Speculare alla figura della domestica è quella della moglie, diversa per ruolo e status, ma ugualmente determinata a difendere il proprio interesse, che non coincide con il marito, ma con l’apparenza e l’ascesa sociale. In nome di queste, è capace di ogni crudeltà e di scendere a qualsiasi compromesso che salvaguardi la sua posizione. Come Myung-sook, la signora Kim è intenzionata a migliorare la propria condizione e per niente disposta a rinunciare a ciò che ha già guadagnato, a costo di cedere al ricatto della domestica.
La divisione tra classi e ruoli di potere è sottolineata dalla divisione degli spazi della casa. A livello orizzontale, con l’aprirsi e il chiudersi delle porte e dei pannelli a scorrimento, e a livello verticale, con la scala che separa il piano terra, l’ambiente familiare e domestico, dalla sala del pianoforte al primo piano. È la macchina da presa a collegarli, con scelte di regia che assecondano la pulsione scopica, dalla profondità di campo al ricorrente uso del dettaglio, fino alle soggettive “rubate” attraverso vetrate o porte socchiuse. La stessa morte dei protagonisti è ostentata con insistito compiacimento, come prima era accaduto con i due topi uccisi in cucina, peraltro attraverso lo stesso veleno.
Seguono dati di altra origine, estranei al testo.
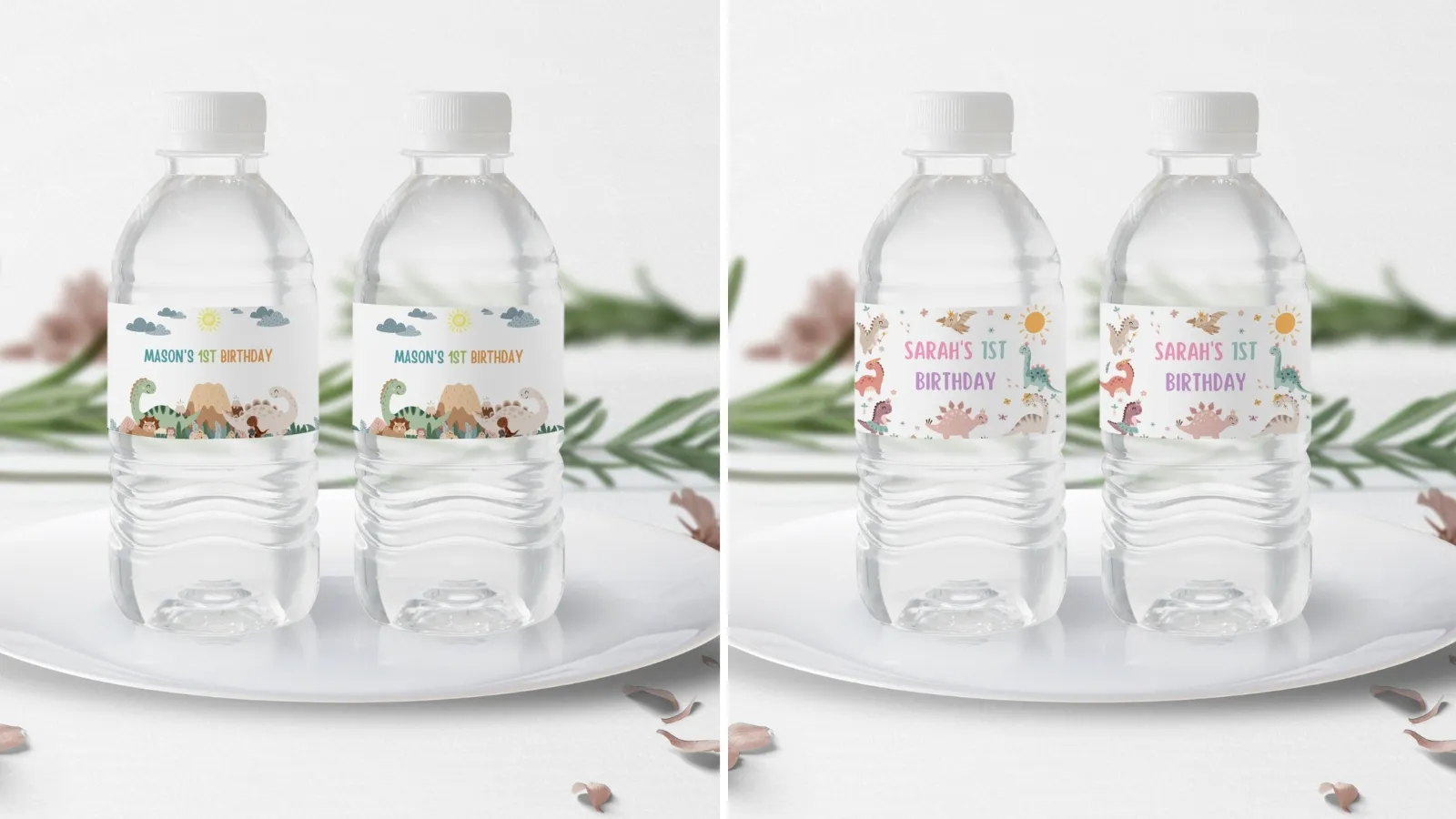 Editable kids birthday bottle labels displayed on water bottles, printable Canva party decorations with cute themed designs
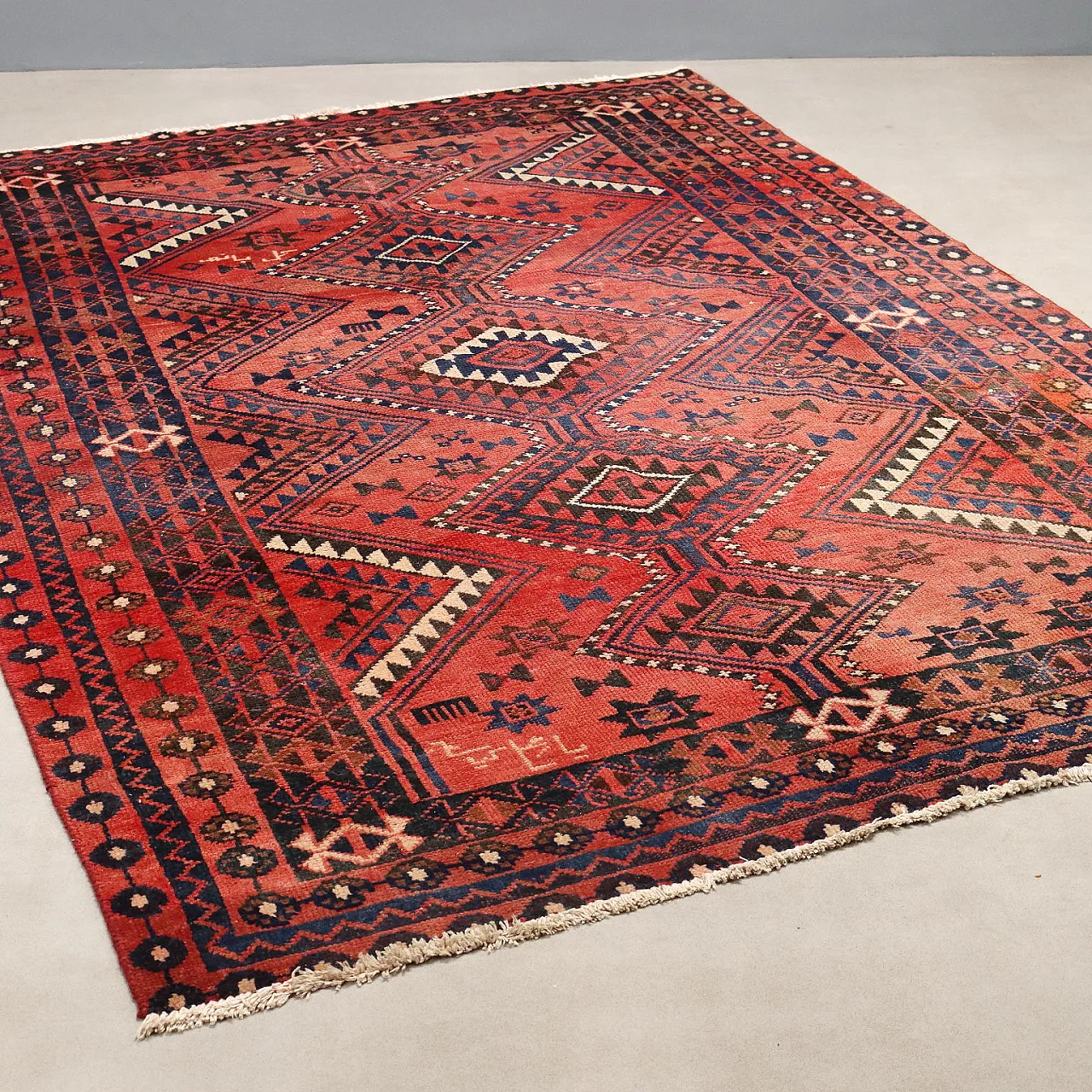 Shiraz wool rug, chunky knot, handcrafted, 20th century 1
Con una trovata bizzarra tipica del suo cinema, Kim Ki-young conclude il film con un epilogo a sorpresa. Il film ripropone l’arrivo della domestica e il marito si rivolge direttamente agli spettatori, per ammonirli divertito dal rischio di cedere ai propri istinti. Ma, ancora una volta, non è lui ad agire diversamente, bensì la moglie, che allontana l’oggetto della tentazione per la salvaguardia dello status quo.